Taking a daily multivitamin doesn’t lower the risk of dying from cancer, heart disease or stroke, according to a large new study.
The findings of the new study, published June 26 in JAMA Network Open, aren’t surprising — after all, it’s not the first study to reach this conclusion.
In 2022, the U.S. Preventive Services Task Force reviewed 84 published studies and concluded there was no evidence that multivitamins help prevent cardiovascular disease or cancer in generally healthy people.
But the latest research addresses some of the weaknesses of previous studies, but multivitamins still fall short when it comes to extending life.
What you need to know about the latest research, and even more reasons to consider taking a multivitamin.
What exactly is a multivitamin?
The name “multivitamin” is somewhat misleading, as most products contain a broad range of vitamins and minerals in amounts that almost never exceed the official daily requirements.
In the current study, multivitamins included “anti-stress” supplements, vitamin B complex supplements, “once-a-day” multivitamin and mineral supplements (the most commonly used), and therapeutic multivitamins (e.g., for pregnancy, macular degeneration, bone health, etc.).
About the latest research
In a new study, researchers from the National Institutes of Health evaluated the association between multivitamin use and the leading causes of death from chronic disease, cancer, and cardiovascular disease.
To do so, the researchers combined and analysed data from three previous large, geographically diverse US studies that included a total of 390,124 adults aged 18 to 74 years.
Participants who had no significant chronic illnesses at the start of each study were followed for 20 to 27 years.
Multivitamin use was measured at the start of the study and repeatedly throughout the study. Participants were classified as nonusers, nondaily users, or daily users.
During the study period, 164,762 people died, 57 percent of which were due to cancer, heart disease, and stroke.
Overall, taking a daily multivitamin was not associated with a lower risk of all-cause mortality compared with not taking it daily.
The researchers found no evidence that taking a daily multivitamin reduces the risk of death from cancer, heart disease, stroke, or other diseases that affect blood flow to the brain.
Strengths and limitations
Previous studies have found inconsistent results on multivitamins reducing cardiovascular disease, cancer, and mortality.
One reason may be that people who take a daily multivitamin are more health conscious than those who don’t.
For example, people who take a daily multivitamin may eat a healthier diet, exercise more, and be less likely to smoke and be obese than those who don’t.
People may also not start taking a daily multivitamin until they are older or develop a chronic illness.
The latest study is notable for addressing these concerns.
The researchers collected detailed information on demographics and lifestyle factors.
To arrive at their results, the researchers took into account factors such as age, ethnicity, education level, smoking status, weight, physical activity, alcohol intake, diet quality and family history of cancer.
The main limitation of this study is that it is observational: although the results show an association, they do not prove that there is a relationship between multivitamins and mortality.

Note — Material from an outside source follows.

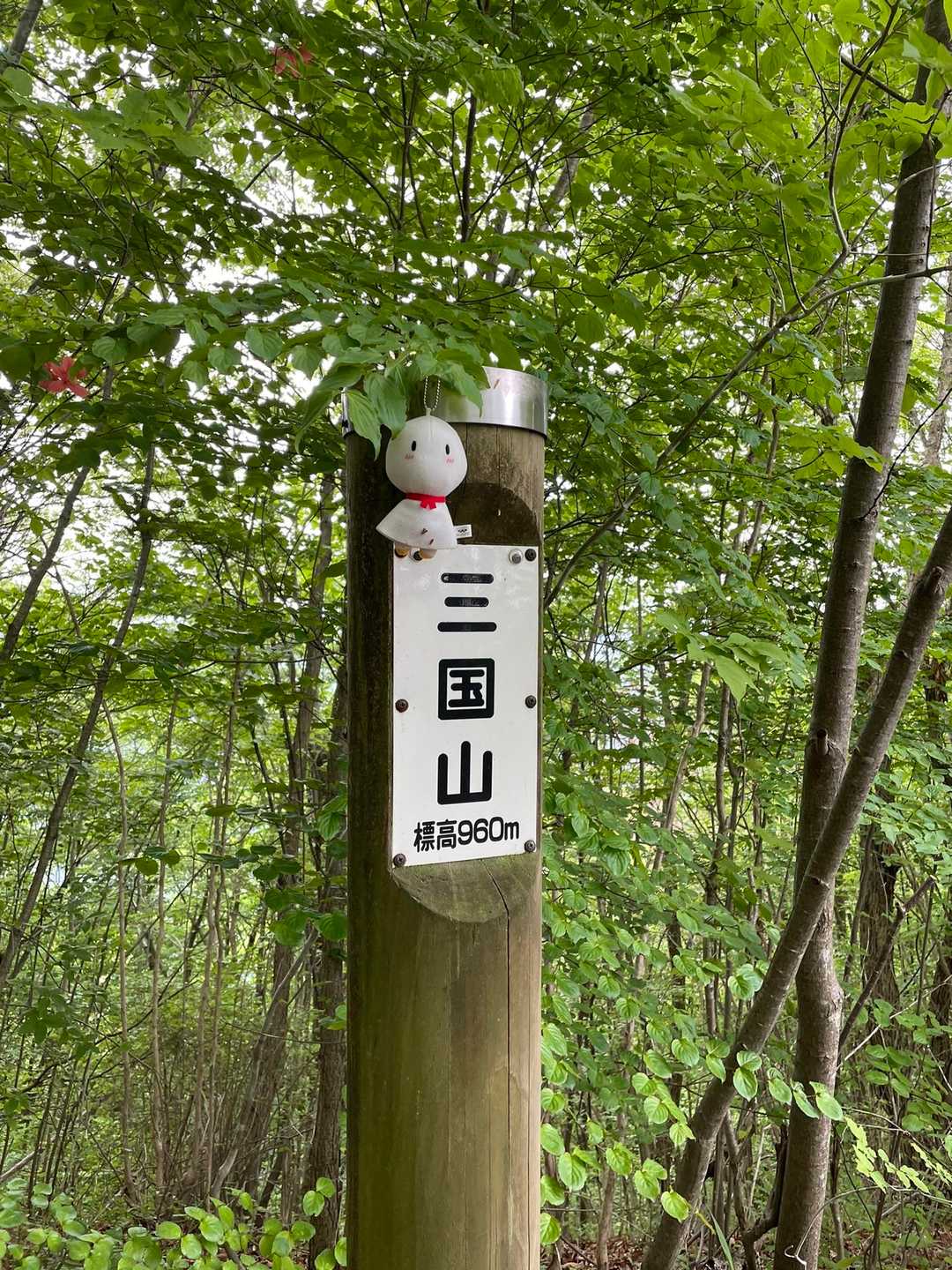 山友さんのてるてる坊主😇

Why You Should Consider a Multivitamin
Taking a daily multivitamin can provide other health benefits beyond longevity.
For example, certain multivitamin preparations have been shown to slow the progression of age-related macular degeneration.
Multivitamin supplements may also help prevent nutritional deficiencies after bariatric surgery.
Also, taking a multivitamin that contains folic acid before and during pregnancy can help prevent serious neural tube defects in the fetus.
For people on low-calorie diets, those who eat a limited range of foods, or those following a vegan diet, a daily multivitamin can help meet daily nutritional requirements.
Taking a daily multivitamin is an important way to ensure you are getting enough vitamin B12, vitamin D, and iron.
Conclusion
To live longer and healthier, focus on your overall diet.
Diet quality is a leading indicator of chronic disease risk and all-cause mortality.
A healthy diet that includes fruits, vegetables, whole grains, nuts, and legumes (beans and lentils) is linked to a longer, healthier lifespan. A multivitamin cannot improve an unhealthy diet.
Also, focus on maintaining (or building) muscle mass and strength as you age through resistance training and adequate protein intake.
Sarcopenia, the progressive loss of muscle mass, strength and function, is linked to increased risk of falls, fractures, frailty, hospitalisation and mortality.
Take a multivitamin to fill any nutritional gaps in your diet, or for any other reason your health care provider determines is important.